Of course any normal careful design process will cover all these issues. The point is simply that these things can integrate with a formal refinement approach that builds an argument, step by step, as to why the resulting design and implementation do actually meet the specification.

Finally it’s worth looking at how much flexibility this kind of development process gives us with the trade-off between assurance and time and effort. At the low end we could take this approach and not actually formally prove anything, but just try to convince ourselves that we could if we needed to. This would mean that the final assurance argument looks like the following. We have cryptographers check that the protocol description in their paper is equivalent to our description in our logical formalism. This isn’t a proof, just mathematicians saying they believe the two descriptions are equivalent. Then we have all the intermediate specifications in the sequence of refinements. Again, there are no formal proofs of refinement here, but the steps are relatively small and anyone could review them along with prose descriptions of why we believe them to be proper refinements. Finally we would have an implementation of the most refined specification, which should match up in a 1:1 way. Again, computer scientists would need to review these side by side to convince themselves that they are indeed equivalent.

So this gives us some intermediate level of assurance but the development time isn’t too exorbitant and there is a relatively clear path to higher assurance. To get higher assurance we would reformulate the original protocol description using a proof assistant. Then instead of getting a sign-off from mathematicians about two descriptions being equivalent, we could prove the security properties directly with the new description using the proof assistant. For each refinement step the task is clear: prove using the proof assistant that each one really is a refinement. The final jump between the most detailed refined specification and equivalent executable code is still tricky because we have to step outside the domain of the proof assistant.

With the current state of proof tools and programming language tools we don’t have a great solution for producing a fully watertight proof that a program described in a proof assistant and in a similar programming language are really equivalent.

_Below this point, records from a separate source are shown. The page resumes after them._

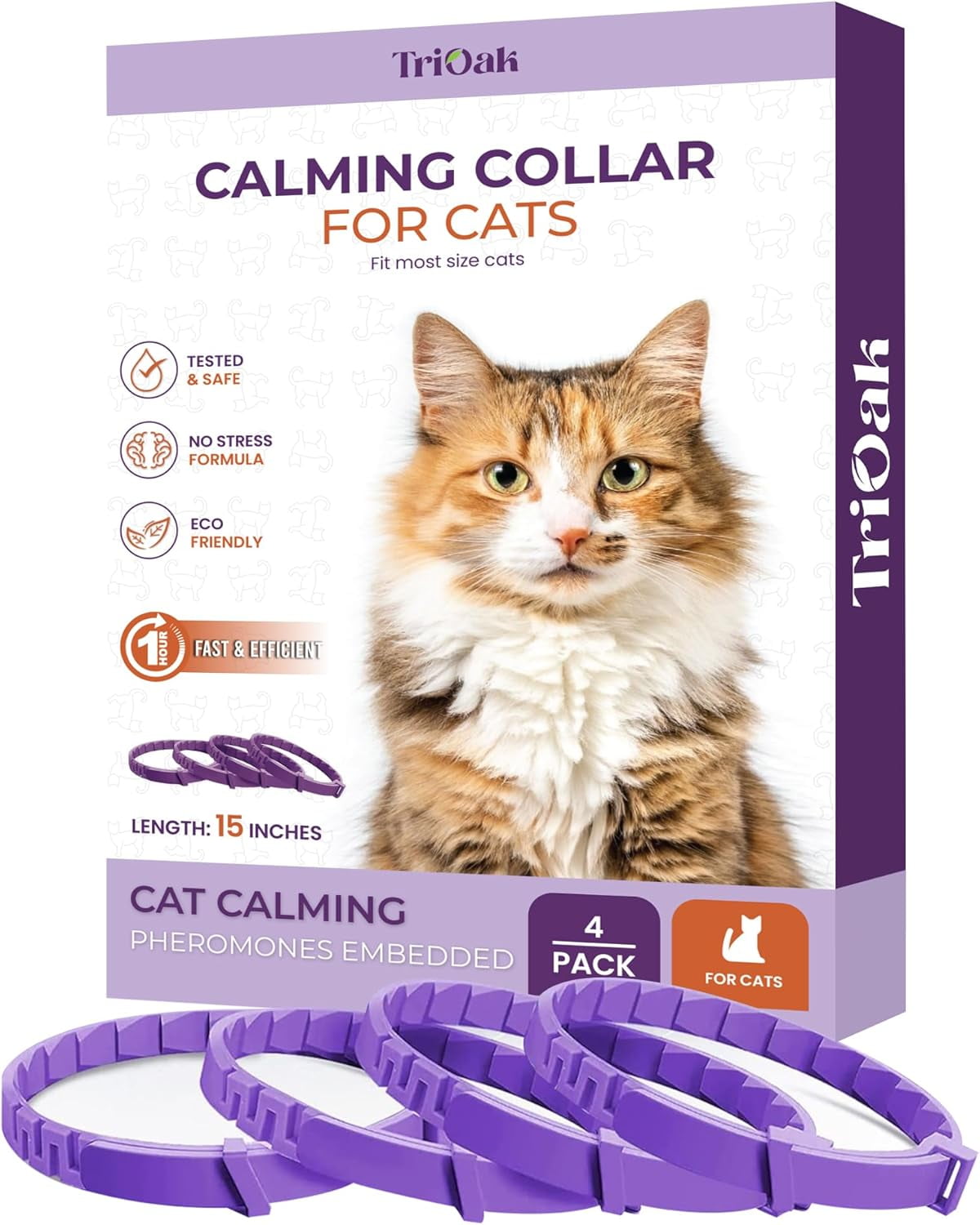 4 Pack Calming Collar for Cats, Cat Calming Collar, Calming Pheromone ...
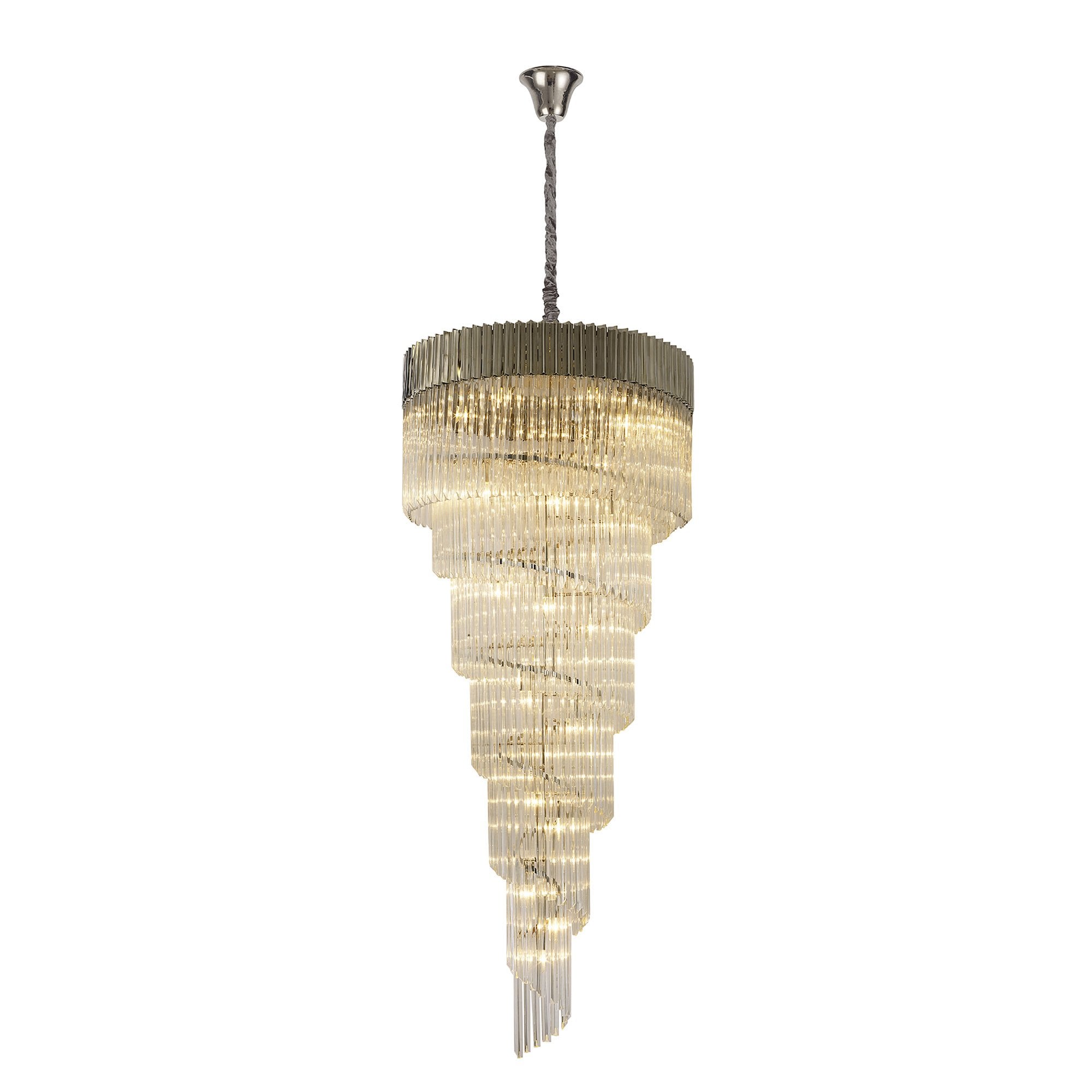 NL82449 Vienna Pendant Round 7 Tier 31 Light Polished Nickel/Clear Glass
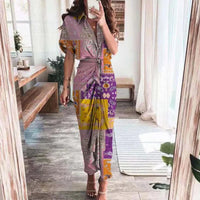 Damen Sommerkleid Taille Asymmetrischer Saum Kurzarm Kleid - Kontrastfarben Lila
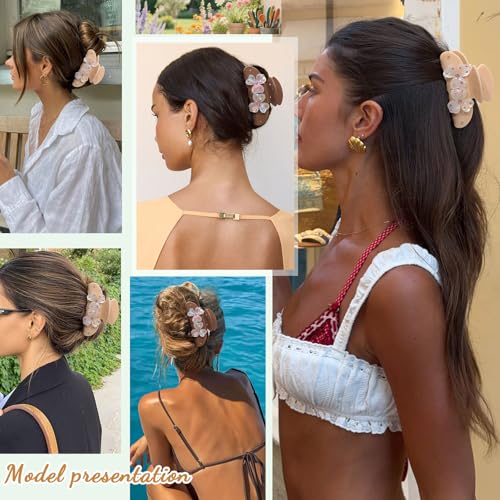 HAIMEIKANG Flower Acrylic Hair Claw Clips for Women - 3.54” Medium, Non-Slip, Strong Hold, Stylish Accessory, Coffee+Khaki Set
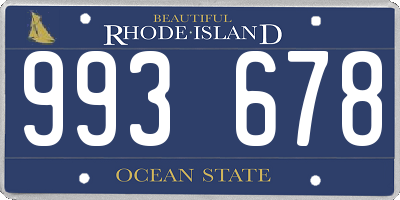RI license plate 993678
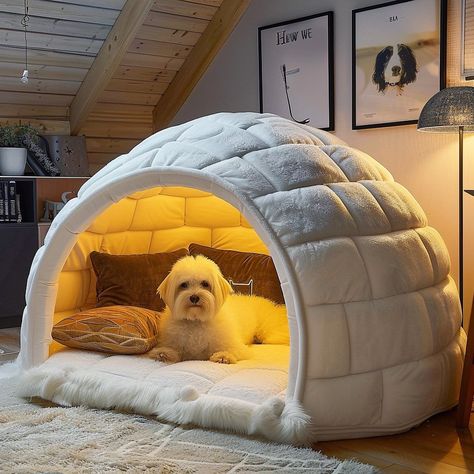 Aesthetic Dog House Indoor, Dog Home Ideas Indoor, Winter Dog House Diy, Relax Space Design, Dog Spaces Outdoor, Dog Decor Ideas, Dog Spaces In House, Dog Areas In House, Indoor Dog Room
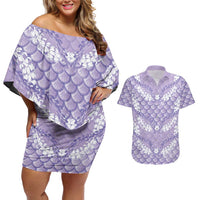 Lilac Mermaid Puakenikeni Maile Lei Couples Matching Off Shoulder Short Dress and Hawaiian Shirt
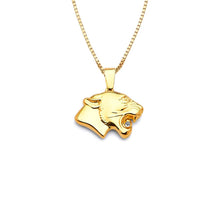 Load image into Gallery viewer, Tiger Head Solid 14K Yellow Gold Pendant - Dainty Bengal Tiger Necklace - Wildcat Tiger Chain
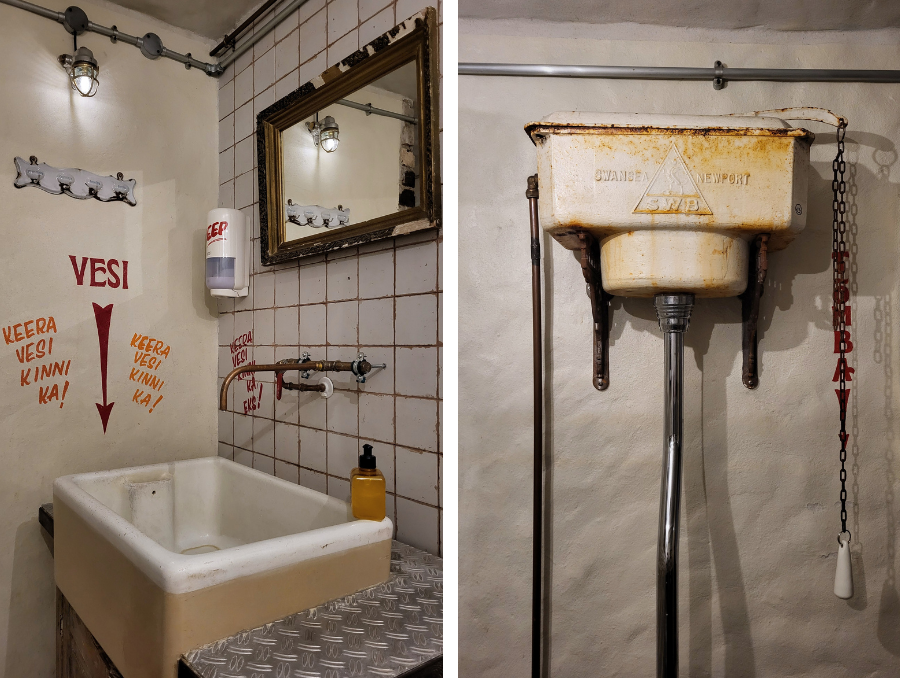 Collage mit Waschbecken und altem Spülkasten auf der Toilette des Kaja Pizza Köök in Tallinn
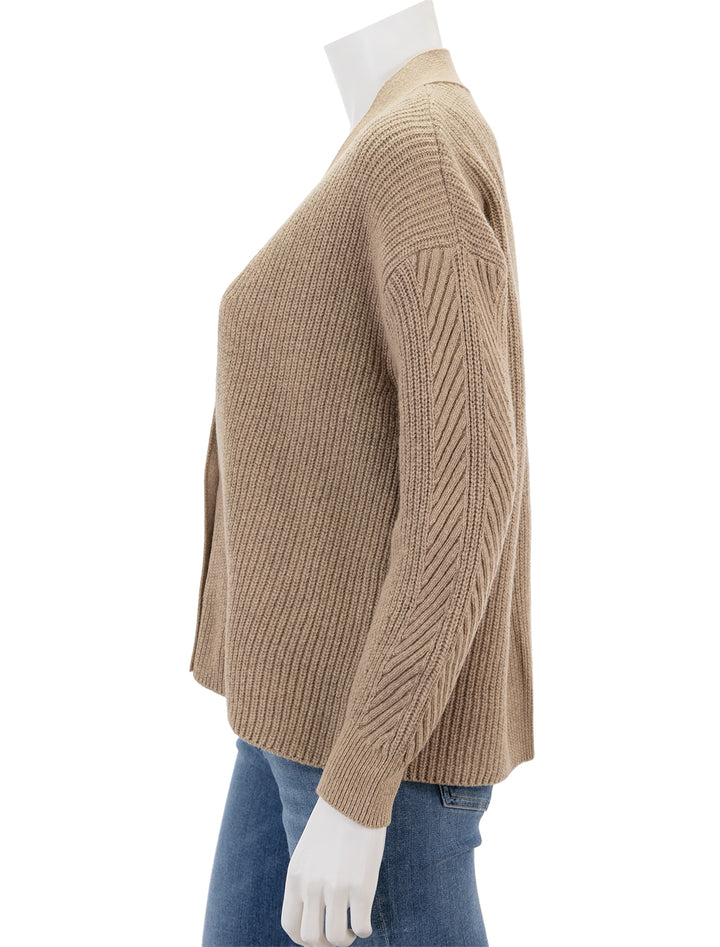 Side view of Barbour's catherine cardi in sepia.
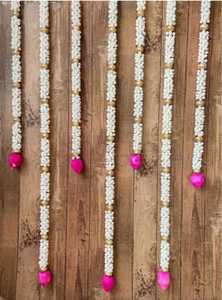 Guirlande de lotus en bois de sola écologique et durable, jasmin, toran, pour Noël, mariage, nouvel an, décoration de porte, taille personnalisable, indien - Product Image 2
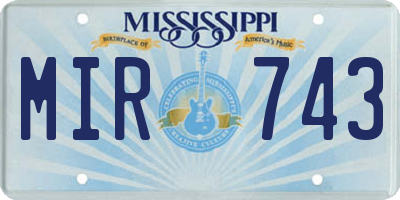 MS license plate MIR743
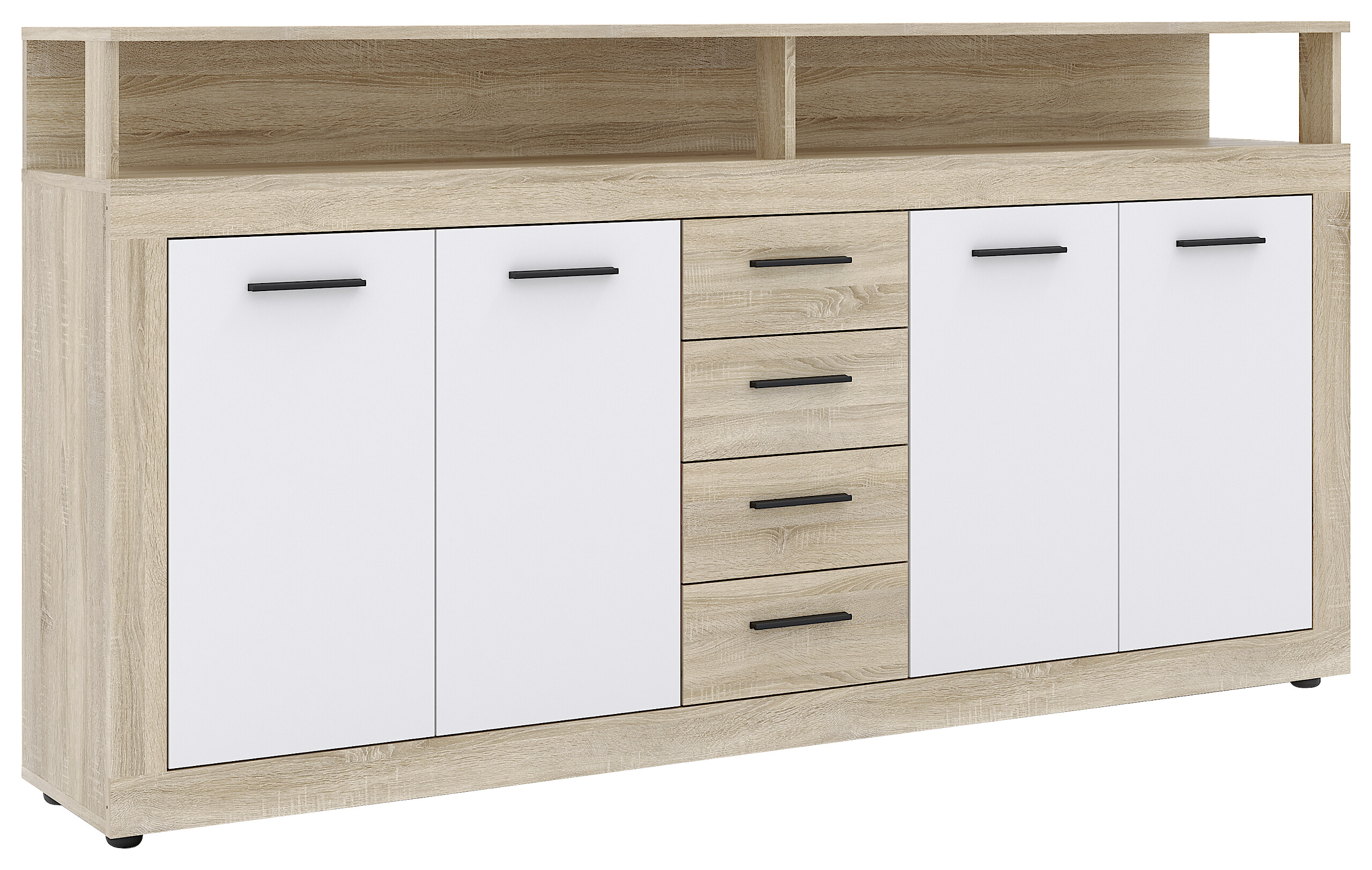 Kommode LUNA XXL Eiche Sonoma Nachbildung weiß matt B/H/T: ca. 190x95,9x31,9 cm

There are a number of promising approaches that may become practical in the next few years, but they’re not quite there yet. So for the moment this would still require some manual checking. Really high assurance still has some practical constraints: for example we would need a verified compiler and runtime system. This illustrates the point that assurance is only as good as the weakest link and we should focus our efforts on the links where the risks are greatest.

## Direction of travel

As a company, IOHK believes that cryptocurrencies are not a toy, and therefore believes that users are entitled to expect proper assurance.

As a development team we have the ambition, skills and resources to make an implementation with higher assurance. We are embarking on the first steps of this formal development process now and over time we will see useful results. Our approach means the first tangible results will offer a degree of assurance and we will be able to improve this over time.